In Colorado County Federal Savings & Loan Ass’n v. Commissioner (1961) 36 T.C. 1167 — another case involving the application of Section 593 — the taxpayer on its income taxes took a deduction under the title “Tax Reserve for contingencies” for the years 1954 and 1955. Such deduction was “not reflected on petitioner’s general books of account” as reserves but as “a part of the petitioner’s surplus and undivided profits”, (at pp. 1170-1171, 36 T.C.) and thus available for dividends. They were not definitely allocated to reserve for losses on loans until May 8, 1957, “about 2½ years after the taxable year 1954 and 1½ years after the taxable year 1955”. (at p. 1173, 36 T.C.) The situation thus presented was a retroactive reallocation on the books of the taxpayer some year and a half after the end of the taxpayer’s tax year. This, again, was the very evil that the Rio Grande Case emphasized the Regulation was intended to thwart and an evil not present in the immediate case.

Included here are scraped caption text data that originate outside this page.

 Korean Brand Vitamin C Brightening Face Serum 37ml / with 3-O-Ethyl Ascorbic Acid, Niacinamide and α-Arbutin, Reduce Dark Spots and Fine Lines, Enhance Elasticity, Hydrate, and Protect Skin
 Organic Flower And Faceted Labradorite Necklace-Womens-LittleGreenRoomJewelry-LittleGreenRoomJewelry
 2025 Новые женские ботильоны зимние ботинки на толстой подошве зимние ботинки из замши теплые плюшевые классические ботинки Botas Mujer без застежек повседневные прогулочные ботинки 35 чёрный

To summarize, I am of opinion the plaintiff is entitled to a deduction for its loss reserve under Section 593, as computed on its tax return for the year 1965 and that the assessment made because of delay in entering such loss reserves on the plaintiff’s subsidiary ledger was improper.
*185The foregoing, together with Stipulation of facts as entered into between the parties, shall constitute Findings of Fact and Conclusions of Law required by Rule 52, F.R.Civ.P. (28 U.S.C.A.).

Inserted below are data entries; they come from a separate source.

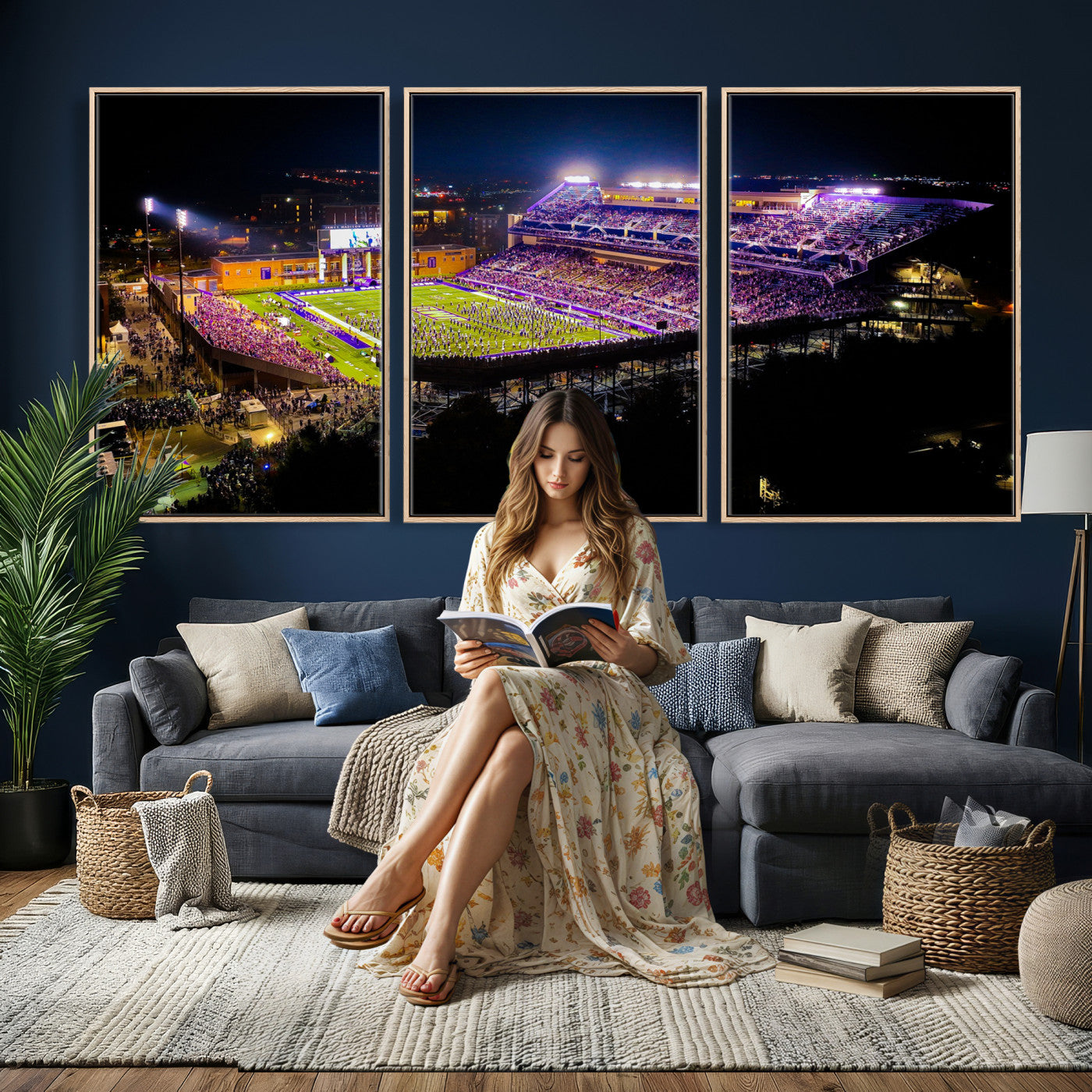 400867JMU2-MGV-CV-36X24 - JMU Stadium Wall Art Canvas Print for Game Room Decor - James Madison University Stadium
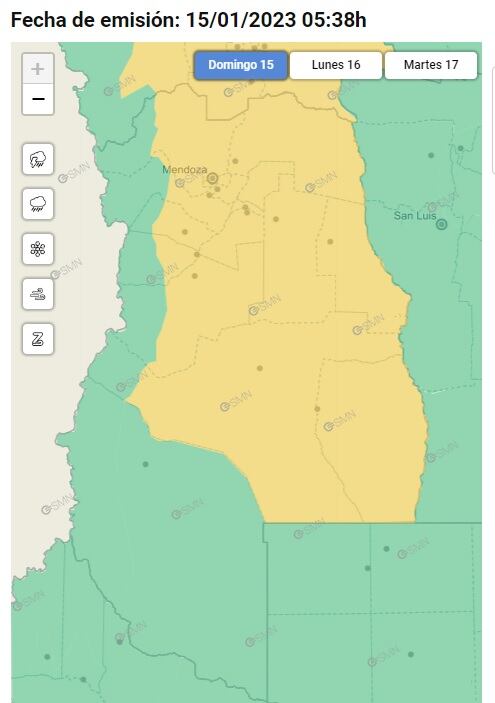 Alerta amarilla por tormentas en Mendoza (15/01/23) (SMN)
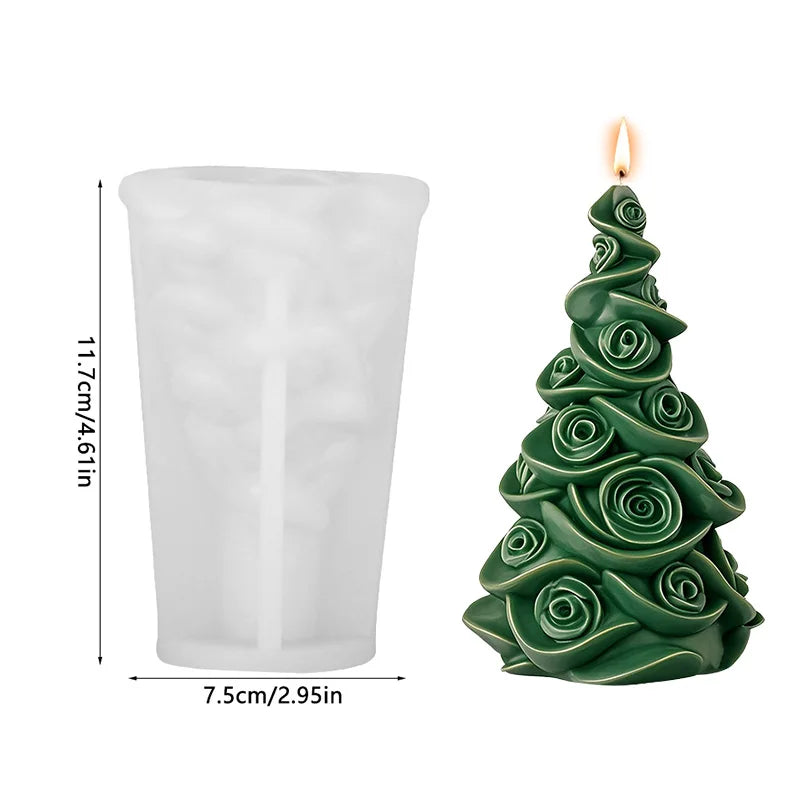 3D Christmas Tree Candle Silicone Mold DIY Christmas Party Decoration Aromatherapy Plaster Making Moulds Home Ornament Gifts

Accordingly, let judgment be entered in favor of the plaintiff, and
It is so ordered.
. See, Levelland Savings and Loan Assoc. v. United States (5th Cir. 1970) 421 F.2d 243, 247.
. Section 593(c) (1).
. Section 1.593-5 (b), Treasury Regulations, 26 C.F.R.
. Rio Grande Building & Loan Association v. Commissioner (1961) 36 T.C. 657, 663.

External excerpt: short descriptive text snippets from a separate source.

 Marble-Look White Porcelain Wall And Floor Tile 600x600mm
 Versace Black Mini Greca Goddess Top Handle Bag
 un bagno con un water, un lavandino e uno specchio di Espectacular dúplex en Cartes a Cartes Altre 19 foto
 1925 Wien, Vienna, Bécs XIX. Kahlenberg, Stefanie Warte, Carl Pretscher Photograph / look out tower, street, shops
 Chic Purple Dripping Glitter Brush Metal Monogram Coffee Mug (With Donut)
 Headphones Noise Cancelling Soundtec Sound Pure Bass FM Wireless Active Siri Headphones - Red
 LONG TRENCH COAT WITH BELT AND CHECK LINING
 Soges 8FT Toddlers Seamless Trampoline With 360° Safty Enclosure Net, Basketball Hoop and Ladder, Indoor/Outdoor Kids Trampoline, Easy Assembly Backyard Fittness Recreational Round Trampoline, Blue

. Schedule 2 of Petitioner’s Return for 1965.
. See Sheet 3, Exhibit B, Tax Return. Apparently, the “Bad Debt Reserve Addition” for state tax purposes corresponds with the allocations authorized on June 30 and December 31, 1965, whereas the federal reserve deduction was fixed on the basis of the accountant’s computation made using the formula authorized by Section 593.
. These allocations were apparently made incidental to fixing the availability of earnings for the declaration of dividends.
. The Court in Newport Federal Savings & Loan Ass’n v. United States (D.C. Ark.1966) 259 F.Supp. 82, 85, states that the tax return filed by the Association in the Rio Grande Case “indicated an intent to credit to bad debt reserves net earnings after dividends for the taxable years involved * * However, there was no specificity to . any such claimed deduction, as the Tax Court in the holding quoted expressly found; the taxpayer merely filed a “no-tax” return, from which it was inferred that losses eliminated any profit realized.